Guinea-Bissau army regains control at Senegal border

afrol News / A Semana, 22 March - Guinea-Bissau's army guaranteed yesterday that it had the situation along its border with the Senegalese province of Casamance "under control." A faction of the Movement of Democratic Forces of Casamance (MFDC), which wants independence from Senegal, has been fighting in the area since last week. Around 5,000 people have been displaced by the fighting.

The declared objective of Guinea-Bissau's troops, who are stationed in the town of Săo Domingos in northern Guinean-Bissau, on the border with Senegal, is to neutralise the faction of the MFDC's southern front led by Salif Sadio, who refused to sign the December 2004 peace accords with the Senegalese government in Dakar. The factions of the Southern Front, which at the time were united, supported the Bissau military junta of Ansumane Mané in the 1998 war in Guinea-Bissau that led to the overthrow of then (and current) President Joăo Bernardo "Nino" Vieira, although Mr Vieira enjoyed the support of Senegalese troops in Bissau.

The current military operation on the part of the Guinea-Bissau army will only end when the MFDC troops, who are fighting for the independence of Casamance from Senegal, abandon their bases in Guinea-Bissau's territory, according to the spokesman of the Bissau-Guinean army, Lieutenant Colonel Arsénio Baldé, who was cited by Portuguese news agency Lusa.

In a press conference in the capital Bissau, Mr Baldé denied information according to which the heads of the Bissau-Guinean army had received money from the Senegalese government to annihilate the rebellion, and threatened to sue all those he accused of "speculating" regarding the reasons for the operation.

The military spokesman admitted deaths had occurred among the Bissau-Guinean troops, but did not specify figures. Guinean internal refugees within Guinea-Bissau or who fled into Casamance are in the thousands - a source close to the International Red Cross Committee ventures a figure of 2,500, while other sources speak of 5,000 displaced.

Towns and villages of the southern Casamance region are left totally deserted following the infighting in the MFDC movement, which is split over whether to accept a negotiated peace with Dakar. The Senegalese Red Cross and Crescent has reported of at least 2,500 internally displaced reaching Ziguinchor, the capital of the Casamance region. Also Bissau-Guinean authorities have confirmed the arrival of at least 1,600 newly displaced from Casamance in the north of the country.

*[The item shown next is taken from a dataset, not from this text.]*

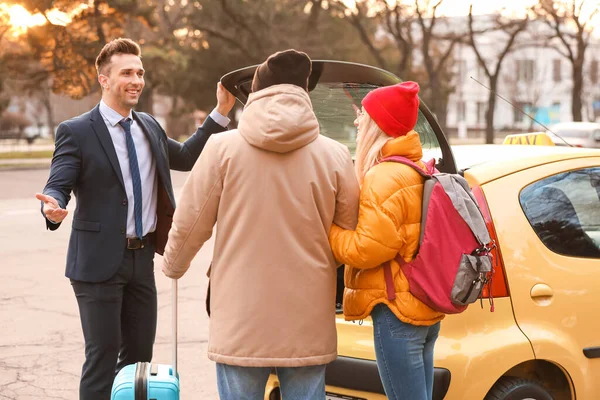 Taxi Driver Aiutare Giovane Coppia Mettere Loro Bagagli Nel Bagagliaio — Foto Stock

As a Senegalese military official had previously done, Mr Baldé denied that Bissau-Guinean troops had ventured into Senegal. When elected in 2000, Senegalese President Abdoulaye Wade promised to bring a definitive resolution to the Casamance problem. On Friday, President Wade solicited the mediation of Gambian President Yahya Jammeh in order to help find a solution to the conflict, which has lasted for 23 years.

The Casamance conflict during most of this time has been a low-profile war between the MFDC and Senegalese troops, where most casualties have resulted from mines. Waves of internally displaced and refugees have occasionally streamed into Ziguinchor, The Gambia and Guinea-Bissau, but the displaced mostly have returned after a few weeks or months, when fighting died out. This is the first serious fighting in Casamance for many years.